Is it possible to get the x,y position of the images?

K-R-M commented 1 year ago

In the original extract-image project, this image in existing1.pdf: OriginalExtractImage gets output in triplicate in /images/out21.png, like so: out21 Does anyone know what causes this? I've got the same issue happening when I extract images from a PDF. I have a feeling it's because this code ignores the /Mask operator and the sub-dictionary of the image's ColorSpace that points to the hival (255) and another stream or array (in this case identified as object 37 0 R), like in this image dictionary:

<<
/Type /XObject
/Subtype /Image
/Filter /FlateDecode
/Width 567
/Height 234
/BitsPerComponent 8
/Length 8636
/ColorSpace [ /Indexed /DeviceRGB 255 37 0 R ]
/Mask [ 251 251 ]
>>

Any other ideas? An indexed ColorSpace is described in section 7.6.6.2 of the Acrobat SDK.

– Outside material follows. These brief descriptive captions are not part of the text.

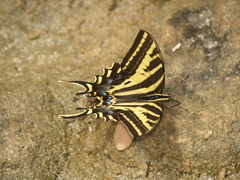 Papilio pilumnus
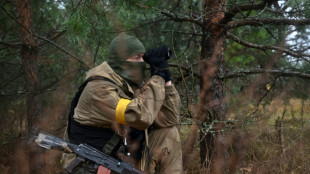 Ukraine: l'Iran reconna&icirc;t avoir livr&eacute; des drones &agrave; la Russie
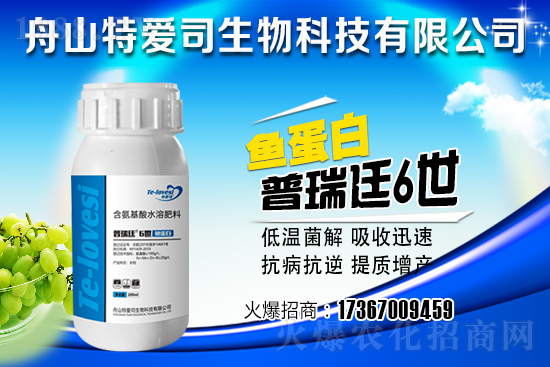 ��(d��ng)�w����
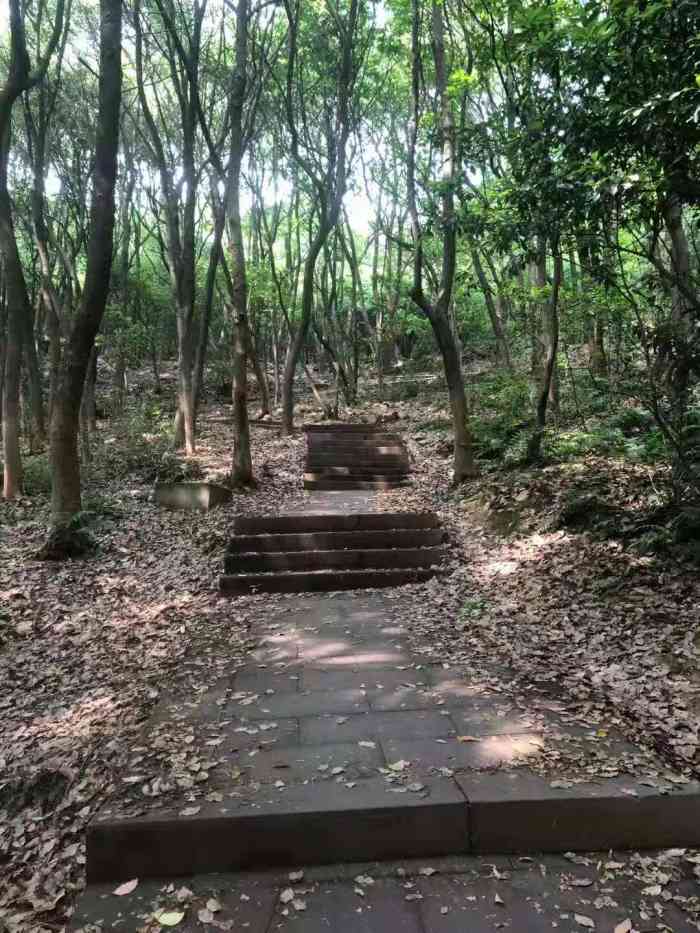 惠山國家森林公園-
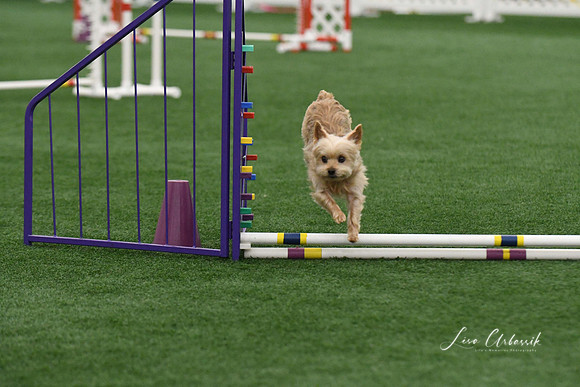 DigitalDSC_9187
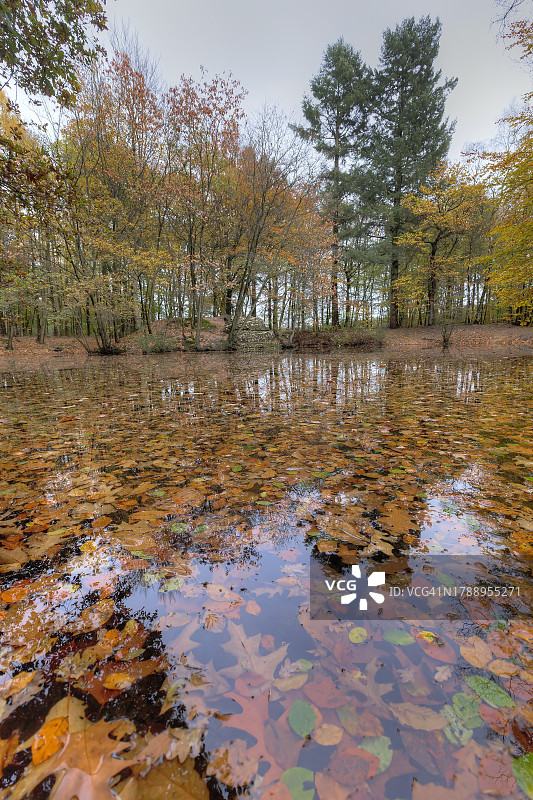 秋叶环绕的废弃泳池遗址图片素材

Follow-Up I ended up working around this by using the Jimp library to handle the output or any image that use a separate color palette, instead of PNGJS and it works fine.

jappoman commented 11 months ago

Hi, I know this is an old thread but I ran into a similar problem. I'm extracting images from a specific page of the pdf to apply additional exif metadata. Next, I put the image buffers back inside the pdf... Except when I extract them again, the exif metadata is completely gone. I'm sure I applied the metadata correctly because if I try to save the image, the metadata is there. The problem therefore arises from re-insertion into the PDF.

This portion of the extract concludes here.